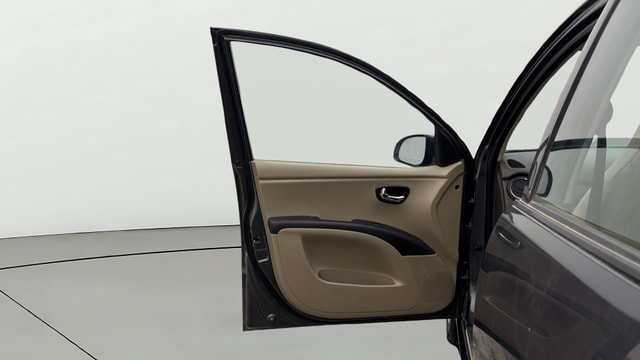 View Hyundai i10 Image 30 Used Hyundai i10 Image 30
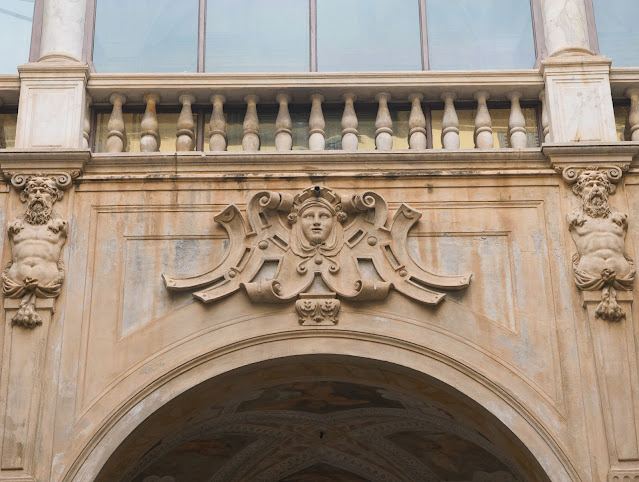 jiemve, le temps d'une pose, Gênes, Genova, Palais, Palazzi, Via Garibaldi, fronton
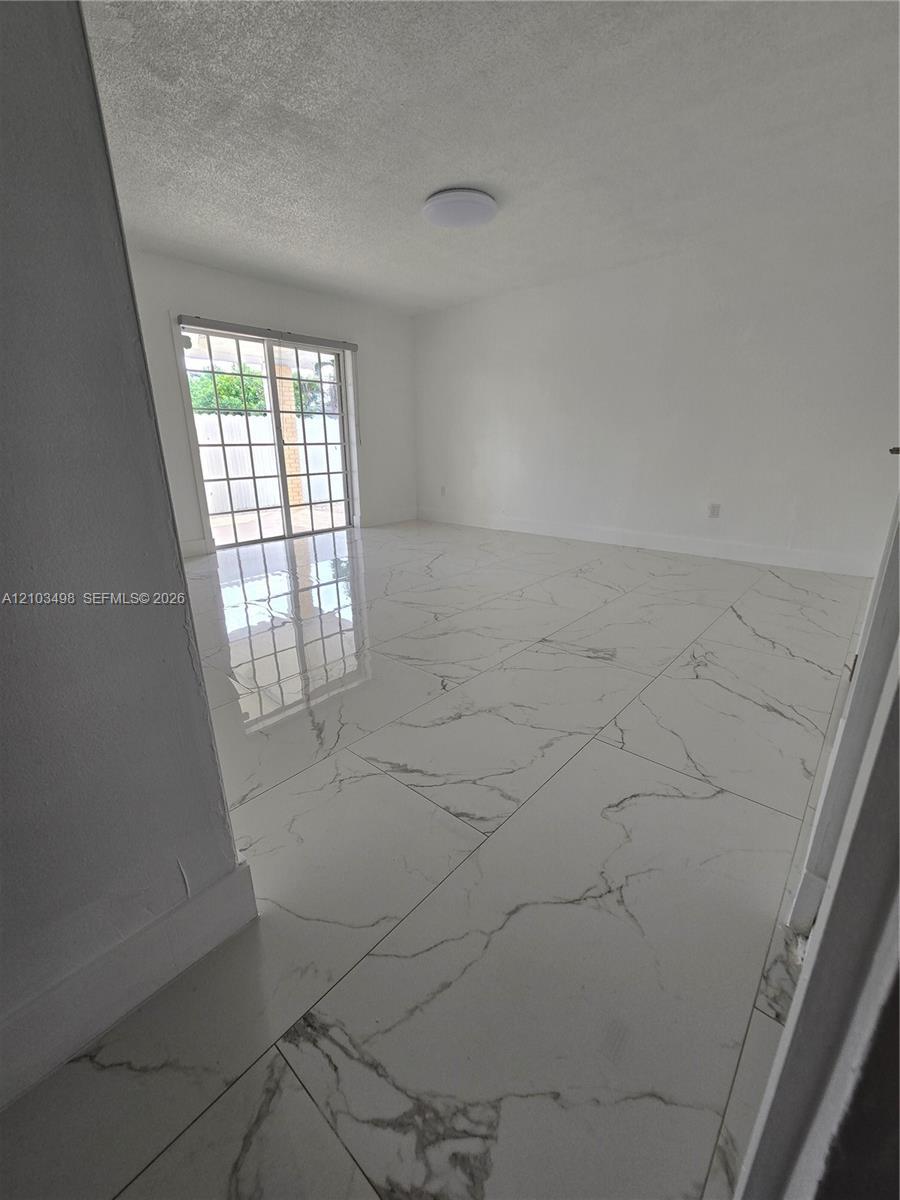 13470 SW 24th St, Miami FL 33175 photo 4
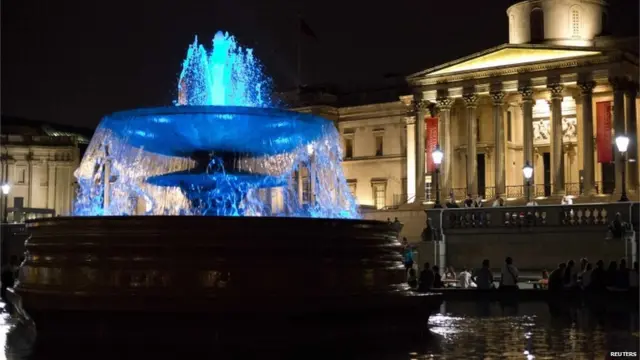 伦敦市中心著名的特拉法加广场喷泉将用蓝光照射，持续一周时间，以此来庆祝王室宝宝出生。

ACTIVITY: Without including any picture, set down every line above exactly as it stands.

YOUR RESPONSE:
 View Hyundai i10 Image 30 Used Hyundai i10 Image 30
 jiemve, le temps d'une pose, Gênes, Genova, Palais, Palazzi, Via Garibaldi, fronton
 13470 SW 24th St, Miami FL 33175 photo 4
 伦敦市中心著名的特拉法加广场喷泉将用蓝光照射，持续一周时间，以此来庆祝王室宝宝出生。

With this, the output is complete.